Since his death, many of Jerry's fans and comics who'd worked with him have sent their condolences and memories, which Ben said has been a great indicator of how special his father was.
"There's a lot of people who have reached out, which has been really nice. I mean, just to feel how much he touched people, how much enjoyment he gave people, because I know that he would have felt good about all this," Ben said. "If you'd ask him, like, 'Do you care about all of, like, the show business aspect of things?' He really did, but he'd always say, 'But what I really care about is my kids and my kids being happy.'"
Ben said his father "came to everything" he did when he was starting out in acting, and that he was a "very, very supportive dad." He was also, according to a few of the hilarious anecdotes Ben told about his dad, a person who wouldn't hold back his true feelings.

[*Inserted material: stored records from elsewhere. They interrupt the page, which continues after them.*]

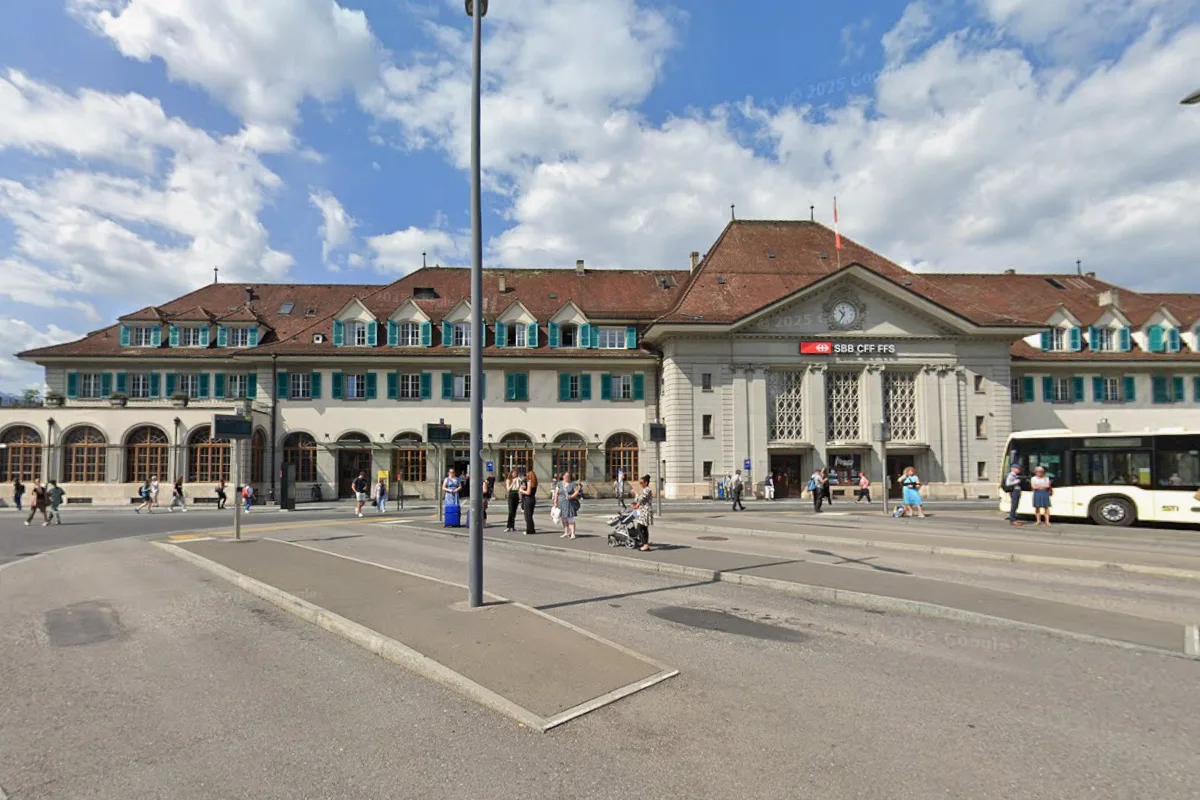Ein großes historisches Bahnhofsgebäude mit rotem Dach, umgeben von Passanten und einem vorbeifahrenden Bus. Der Himmel ist klar und sonnig.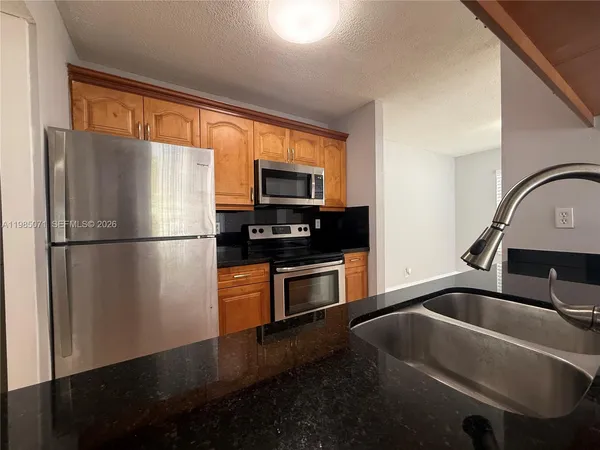 a view of a lake with a house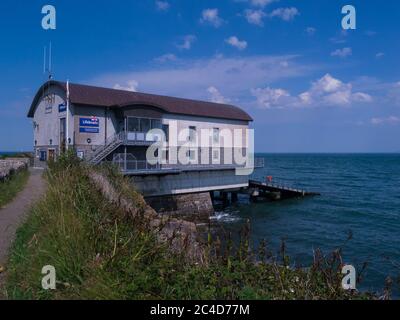 Busy new RNLI lifeboat station on Isle of Anglesey Coastal Path Moelfre North Wales UK high reputation for saving lives at sea Stock Photo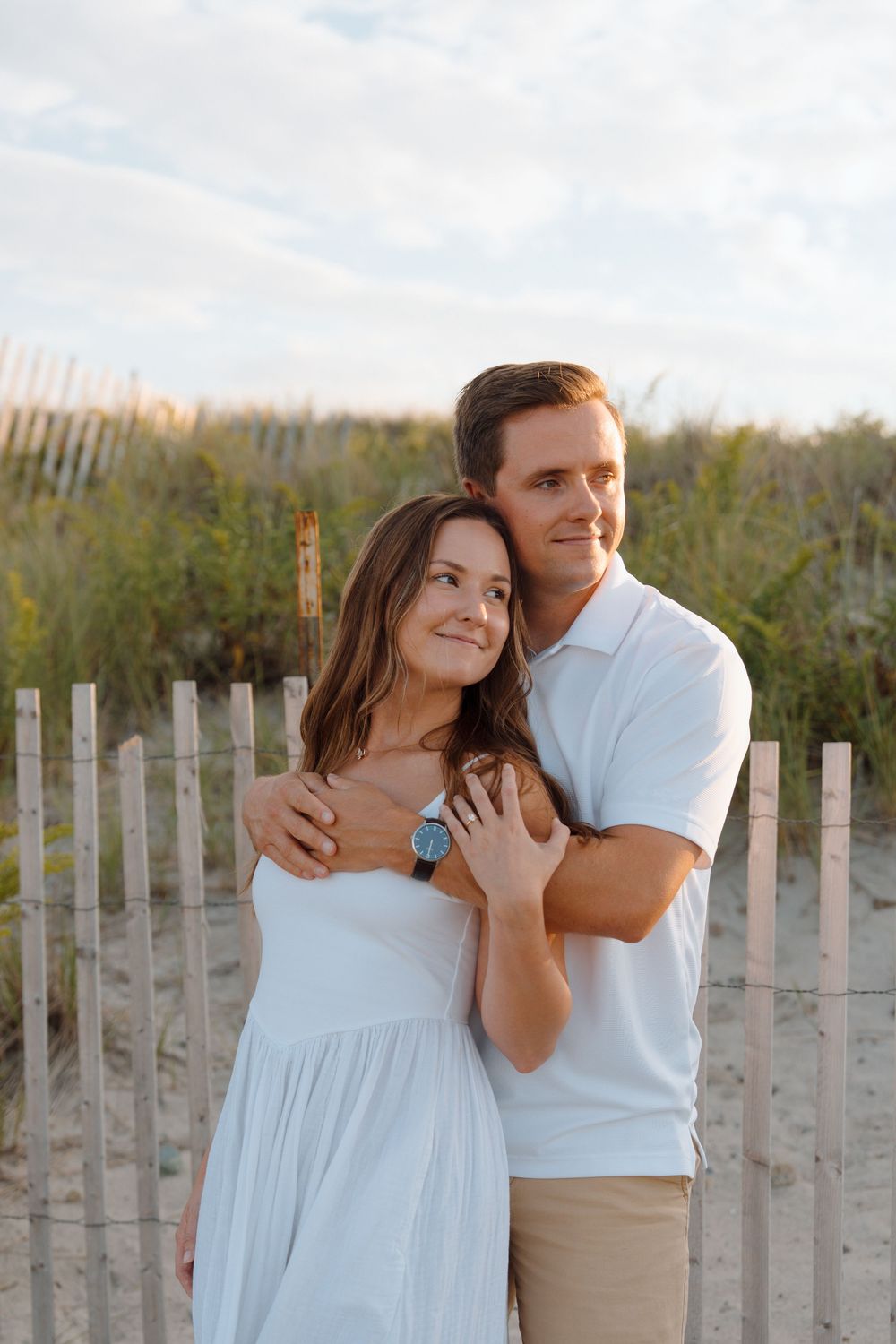 Couple shares tender moments against a backdrop of weathered beach fences during golden hour.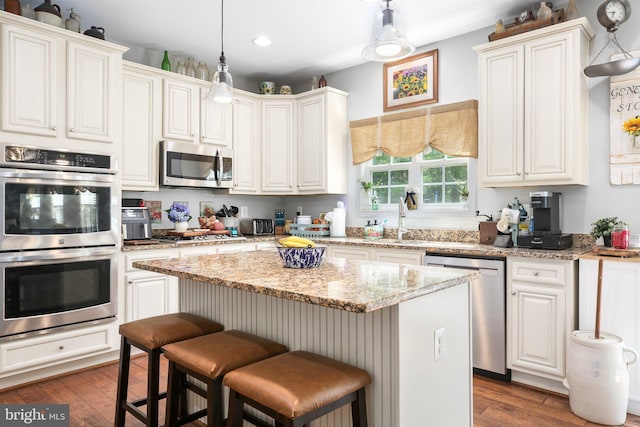 550 Long Meadow Dr, Fredericksburg, VA 22406 - kitchen with appliances with stainless steel finishes, dark wood-style flooring, a kitchen island, a breakfast bar, and recessed lighting
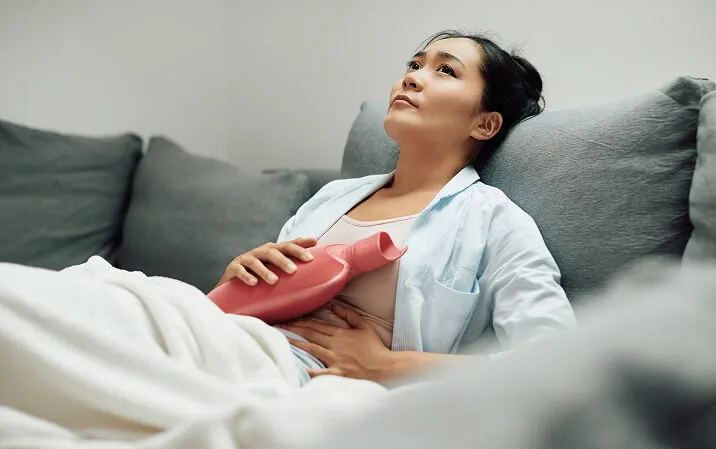 A woman lying on a couch holding a hot water bottle against her abdomen.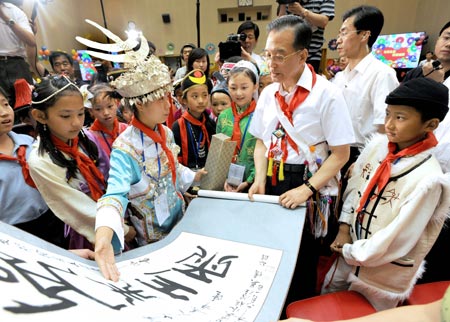 Chinese Premier Wen Jiabao (2nd R Front) receives a calligraphy work presented by a child during a celebration of the International Children's Day in Beijing, capital of China, June 1, 2009. (Xinhua/Ma Zhancheng)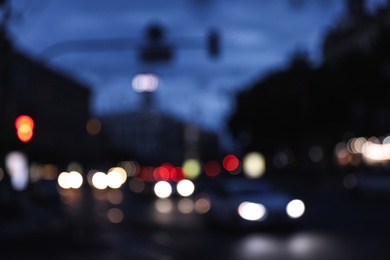 Photo of Blurred view of modern city at evening. Bokeh effect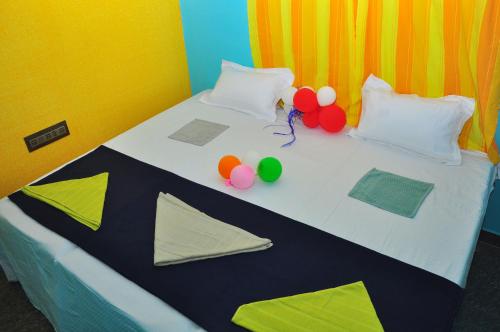 a bed with colorful pillows and balloons on it at Royal Homestay New Hampi in Hampi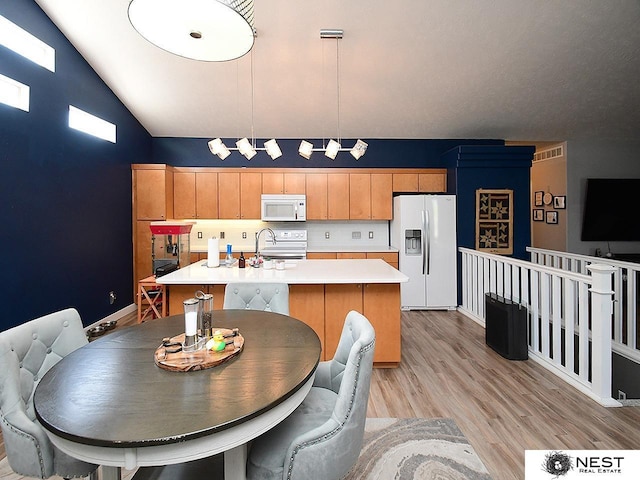 7615 Greycliff Dr, Lincoln, NE 68516 - kitchen featuring white appliances, light countertops, an island with sink, light wood finished floors, and vaulted ceiling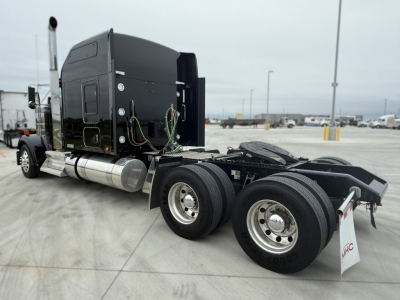 Kenworth W900L tractor chassis with black sleeper cab, rear view showing dual rear axles and fifth wheel, diesel fuel tanks, and exposed wiring.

"He came to Ella, my daughter's, fourth grade play, they were doing Legend of Sleepy Hollow, and he came to see it at school, and afterwards I said, 'Dad, what'd you think?' And he said, 'I didn't care for it, didn't care for it,'" Ben recalled with a laugh. "I said, 'Dad, what are you talking about?' And he goes, 'Ella was amazing. Ella had the commitment and she was shining up there, but I didn't feel like the rest of the kids were up to it."

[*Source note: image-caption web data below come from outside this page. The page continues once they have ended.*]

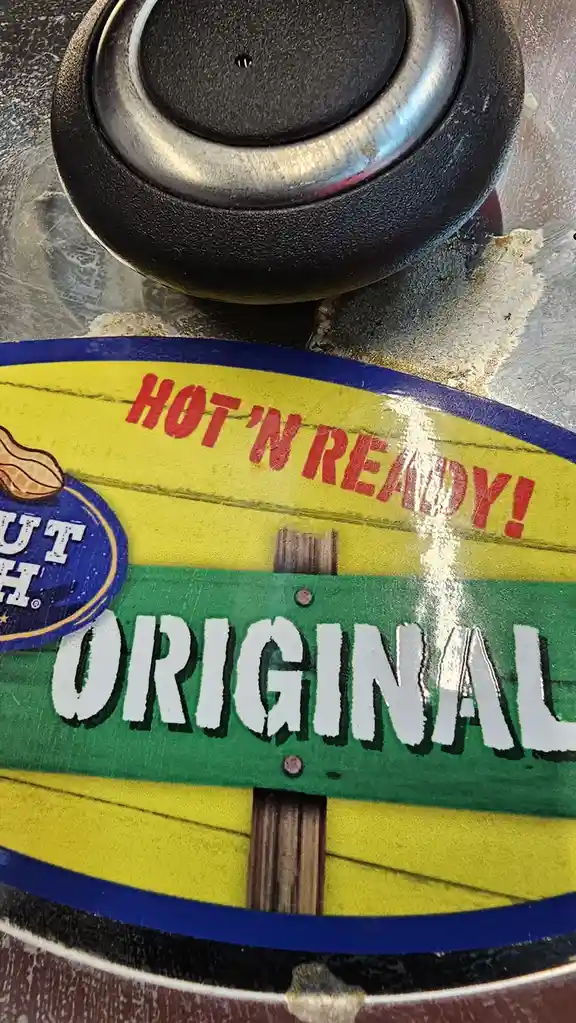 A close-up of a worn peanut butter jar lid showing the brand name 'Jif' partially visible, with the text 'HOT 'N READY!' in…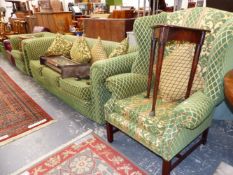 A THREE SEAT SETTEE UPHOLSTERED IN YELLOW DIAMOND DIAPERED GREEN TEXTILE, A WING ARMCHAIR AND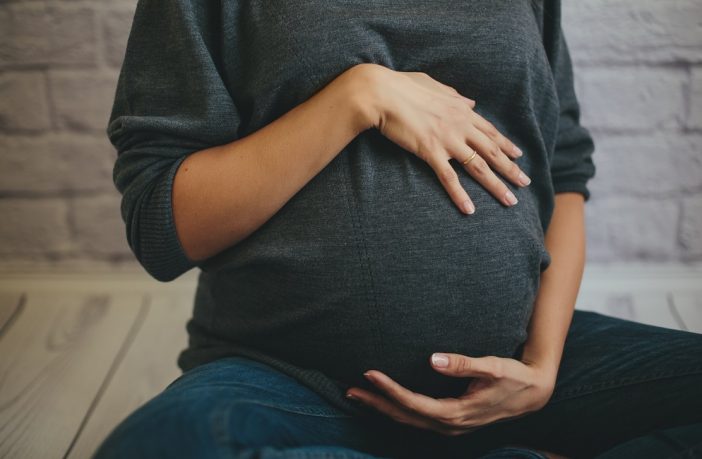 Pregnant woman with hand on belly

"And he wasn't kidding!" Ben continued. "My mom was like, "Jerry, what the hell are you talking about? It's a fourth grade play!' And he goes, 'I just didn't feel it.' And it was so funny because it really bothered him!"
That being said, Ben explained how he was a very loving father, even when he was a bit out of his depth in terms of the the advice he could give.

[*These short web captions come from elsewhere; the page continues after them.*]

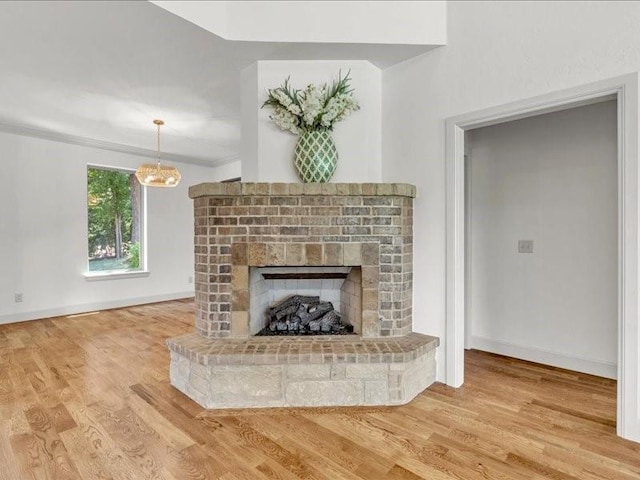 interior details with baseboards, a fireplace, crown molding, and wood finished floors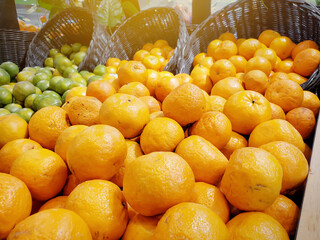 Fresh orange fruit in wooden basket being sold in fruit market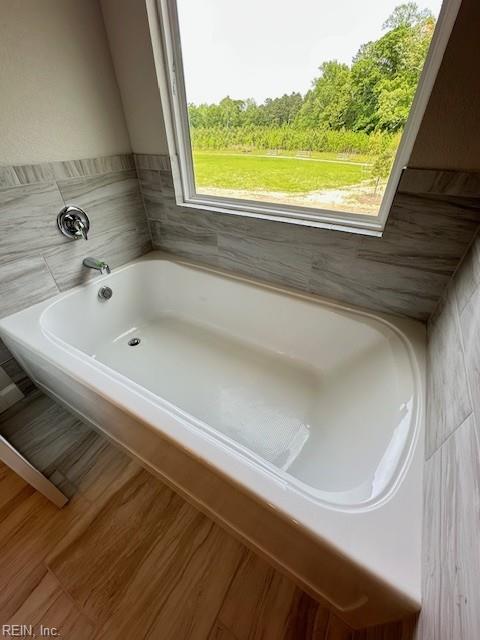 full bathroom featuring a garden tub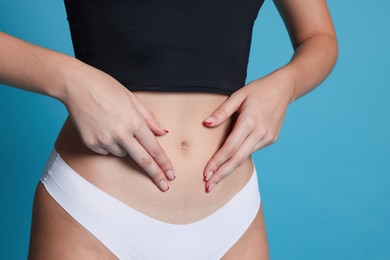 Photo of Young woman with flat belly on light blue background, closeup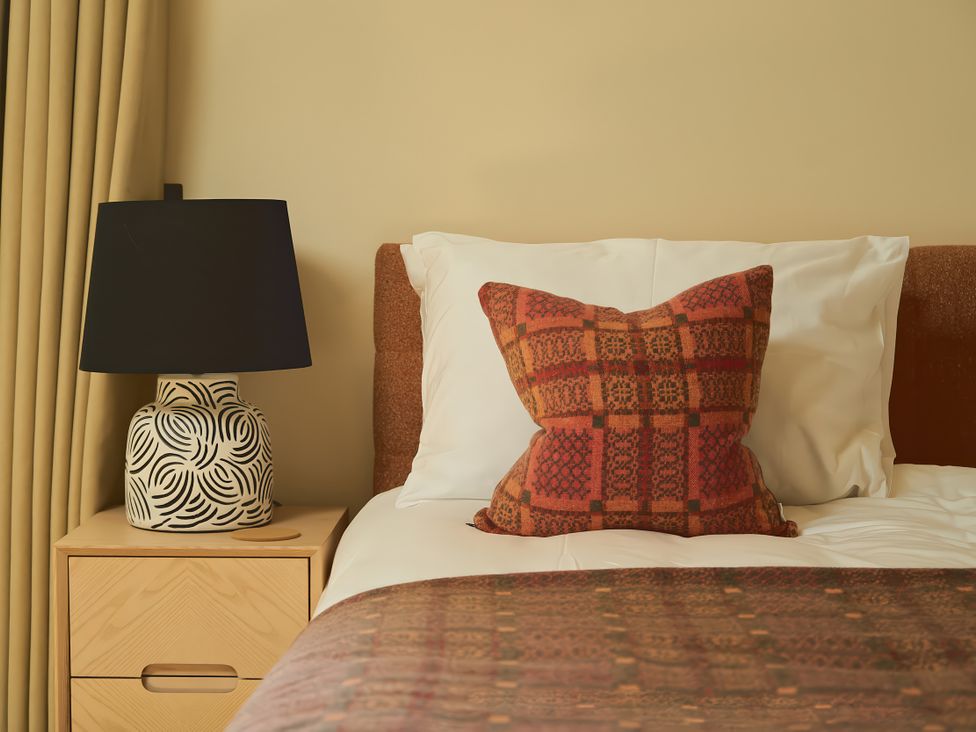A bedroom with a bed and lamp at The Reading Rooms Oughtershaw near Buckden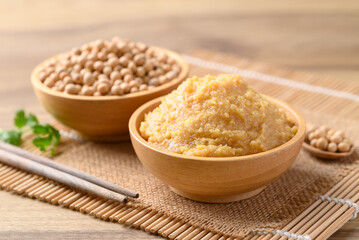 Miso paste in wooden bowl, Japanese seasoning made from fermenting soybeans with salt, Traditional food ingredient in Japanese cuisine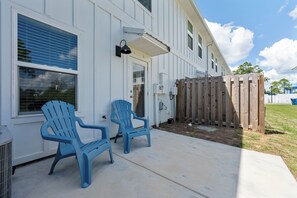 Ein zweistöckiges Gebäude mit überdachter Veranda, zwei blauen Adirondack-Stühlen und einem Holzzaun.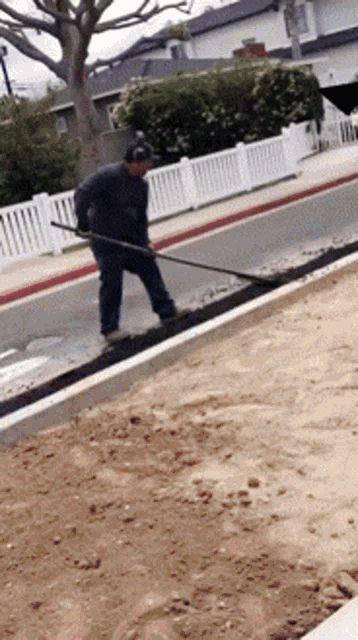 a man is using a broom to clean up the sidewalk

"When I was 16 years old, I had a friend, and, you know, we experimented and tried LSD, which was the first and last time I took it. It was not a fun experience for me," Ben recalled. "I got freaked out, scared, and my first instinct was, 'I'm going to call my parents.' Because every kid calls his parents on LSD, right?"
"But I guess maybe that speaks to our relationship too, because I felt like, 'Okay, that's where I wanted to go.' And they happened to be in Los Angeles, shooting a Love Boat episode," Ben continued. "And my parents were not really into the drug world, I'd say… So I called and I said, 'Dad, I took some acid.' And I think his first thought was acid, like I drank battery acid."
"I said, 'No, it was LSD.' And I could just sort of hear him, like, the silence on the other end of the phone, I think he had that feeling of, 'Oh, I've failed as a parent.' And then the next thing he said was, 'It's going to be okay,' and he started to talk me down, even though he knew nothing about drugs," Ben remembered. "He said, 'I know what you're feeling. When I was 10 years old, I smoked a Pall Mall cigarette and I was sick for two days.' And I said, 'No it's not - this is different.'"
After sharing some heartfelt memories, Ben explained that his " heart goes out to all those people" who have lost loved ones during this frightening time, and weren't able to be with them in the last days.
"I feel very fortunate that I was able to be with my dad, you know, it's not like that for so many people right now," he shared.
"The last week or two were tougher for him. But he went peacefully, and he had a sense of humor, for sure, until the end," Ben says. "I hesitate to call it a sense of humor. He was just funny, and so he was always himself. He was almost ninety-three, and I think his body was kind of at that point where it was time."